On this day, with my mind distracted, and my body slowed by alcohol, she was chasing after a white rabbit.

Alice chasing animals was not ordinarily something to note. But this bunny was so white, so clean, that it belonged not in nature, but in a cage. If by chance it were wild rabbit, I'd give it 'til nightfall to become fox's food; it's white coat soon to be soaked in its own lifeblood as a fox rips its tendrils apart.

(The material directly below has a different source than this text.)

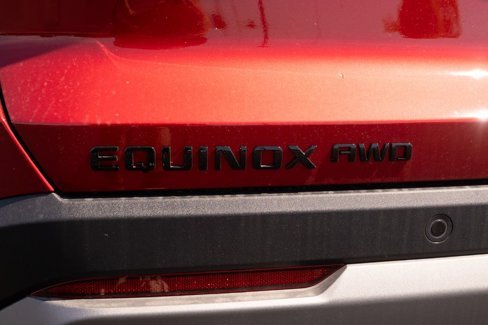 New 2026 Chevrolet Equinox LT w/ Convenience Package II image 11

No, this was a domestic pet, which meant that it belonged to somebody. I wondered who would bring a white rabbit to a garden party, and stepped towards Alice to ensure she had intention to return it to its rightful owner (and not save it as her own) when Henry stopped me.

"There you are, Charles," he bellowed, putting his arm around me. I enjoyed the warmth of his affection, something my father never offered, but not the odour of his body.

"Q.E.D." I replied.

Henry laughed and turned me around to present me to a young lady.

"Let me introduce you to Margaret Appleby," he said.

Now I understood why he was so insistent that I attend this particular event. Henry was keen to marry me off, often noting that I was so much better with children than he that I ought to get on and start multiplying to build the Dodgson clan.

I'd often informed him that multiplication required two willing integers, but on this festive day, encouraged by drink, he would not take 'no, thank you,' as an acceptable answer.

He pushed me towards the plain looking young woman, whom I guessed by her pale colour and twitchy temperament was a sub aristocrat. She wasn't wholly unattractive, but held no appeal to me.